In the other galleries there were: a history of the Irish influence on St. John’s, and then the origins gallery showing the artifacts and stories of the five groups that make up Newfoundland: Livers (descendents of European settlers, mostly English and Irish) and the four indigenous groups: Innu, Inuit, Southern Inuit and Mi’kmaq. It was really interesting and in addition to artifacts had pictures of present day descendants of all the groups and recordings of them talking about particular items and history of their culture. Another gallery further covered ancient native culture and the animals of the island and surrounding waters.
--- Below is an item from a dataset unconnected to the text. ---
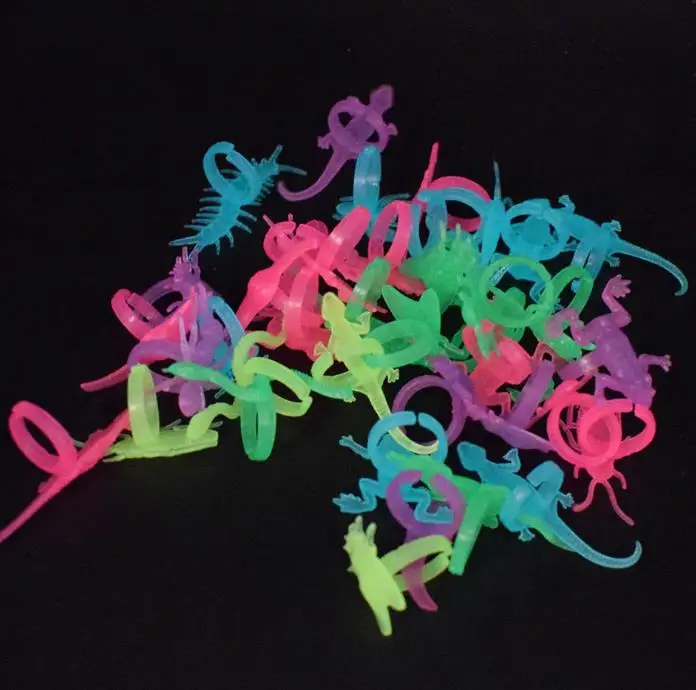 10 шт./партия милые Креативные мини светится в темноте пластиковые насекомые сороконожка геккон кольцо игрушка для детские игрушки новинка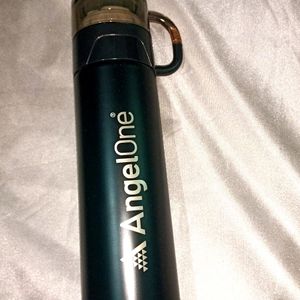 Bottle/ insulated water bottle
On the main floor was the new Royal Newfoundland Regiment Gallery. Not open, but totally worth the look was hanging from the ceiling, the beautiful band of metal forget-me-nots leading to the gallery. It reminded me of the red ceramic poppies that Melissa was a part of placing in the Tower of London two years ago.
After the requisite stop in the gift shop we walked back to the hotel via Moo Moo’s Ice Cream and the Newfoundland Chocolate stop. Pretty tough work touristing, I know. I decided to put my feet up for a bit, while Anne and Alison hired a taxi to take them up to Signal Hill. They reported back an hour or so later, quite wind blown. They had a great view, but the wind was extremely brisk.
Our walks and activities are simply the means to the next meal, and for dinner we were hoping for a place with a good view of the sunset on the harbor, so we ended up at “The Keg” which had a nice view of the harbor, but it was quickly eclipsed by the view of our very handsome waiter and some nice lobsters. He looked and sounded Irish, but told us his name was Jamal, which really didn’t seem to fit, but who are we to judge? We did speculate that it was perhaps “Jamal Patrick O’Shaunessy,” and when the bill came, we called him on the fact that his given name seemed to be noted on the Bill as David.” During all the dinner, we had good food, tasty drinks, and plenty of local info from Jamal Patrick David O’Shaunessy. We were particularly interested in the “Screeching In” ceremony that makes one a Honorary Newfoundlander. We knew that was something we were going to have to do!
So that is why about an hour an a half later we were at Christian’s Bar, listening to a man with an oar talk about how to speak Newfoundlandese and the rights and responsibilities thereof. (We warmed up the event with a jello shot and a discussion of current American politics with a nice fella and his girl who were sitting at the bar when we came in. Note: We (USA) are not looking that hot right now, FYI.) But back to the ceremony. We ate some Newfoundland steak (baloney) kissed a large frozen cod, and did a shot of Screech Rum. We then received a certificate! Everything is official if you have a certificate!
He told us a lot of cool firsts about Newfoundland, but right now all I can remember is it is the receiving place of the first transatlantic telegram. Yay Newfoundland!
Honorary Newfoundlander, signing off for now.